* **What is required**
Set down each line of the material that follows, exactly, with no pictures.

* **Provided material**
_ _ _ _ _

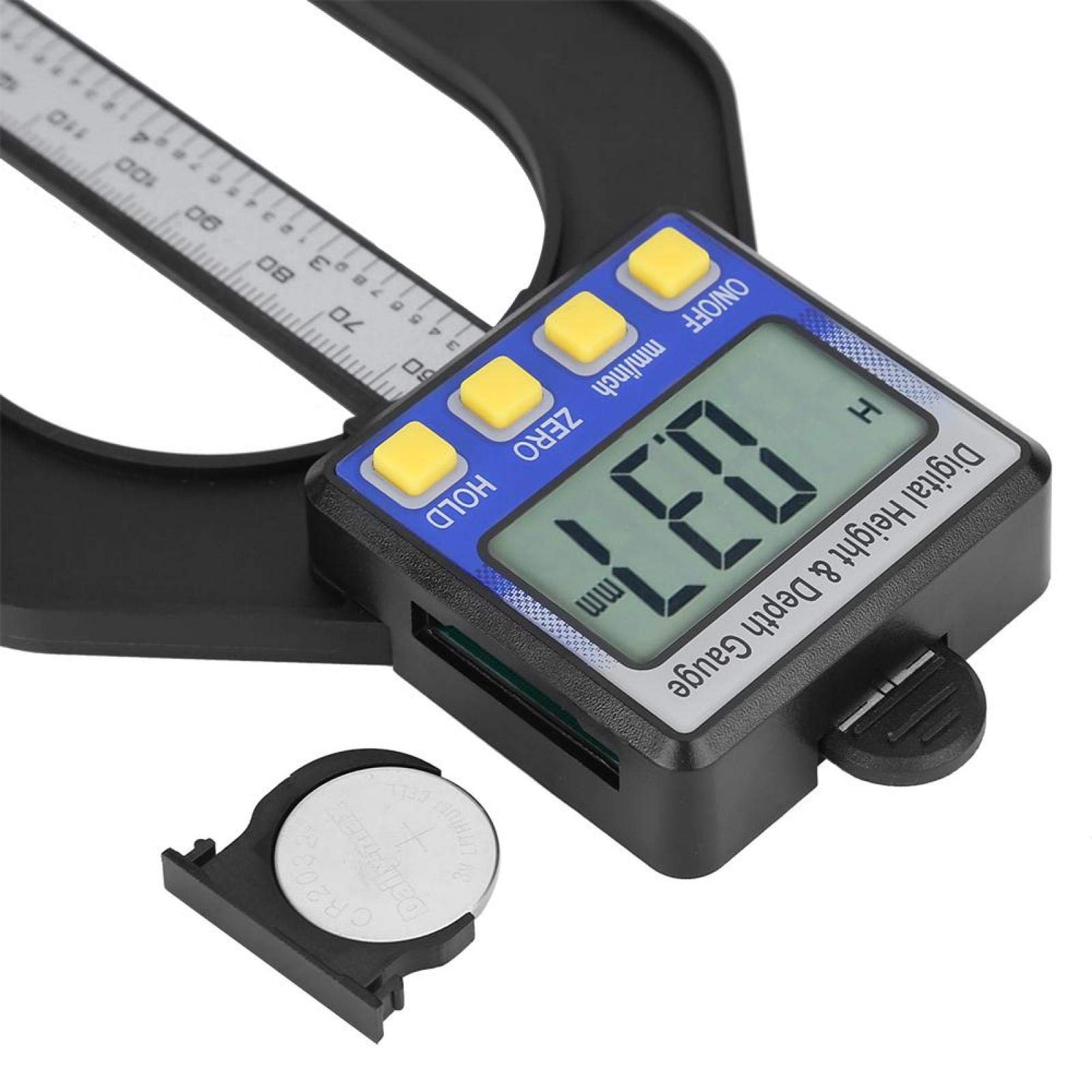 Medidor de profundidad digital 0-80 mm con base magnética para sierra de mesa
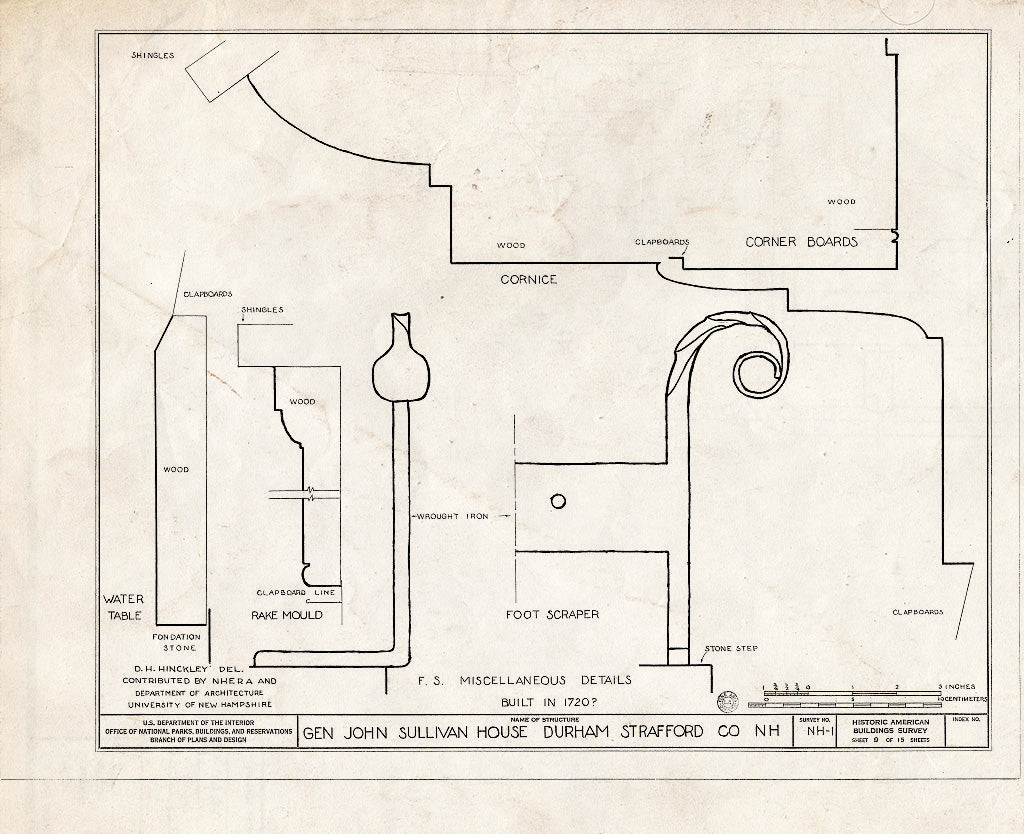 Historic Pictoric : Blueprint HABS NH,9-DUR,1- (Sheet 9 of 15) - General John Sullivan House, Newmarket Road, Durham, Strafford County, NH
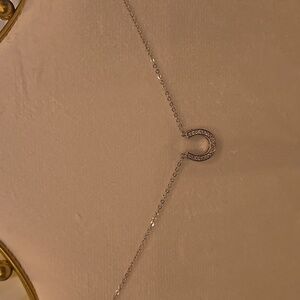 Silver Western Crystal Horseshoe Pendant Necklace w/ Diamond Cut Chaon..New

_ _ _ _ _

* **Result of the exercise**
 Medidor de profundidad digital 0-80 mm con base magnética para sierra de mesa
 Historic Pictoric : Blueprint HABS NH,9-DUR,1- (Sheet 9 of 15) - General John Sullivan House, Newmarket Road, Durham, Strafford County, NH
 Silver Western Crystal Horseshoe Pendant Necklace w/ Diamond Cut Chaon..New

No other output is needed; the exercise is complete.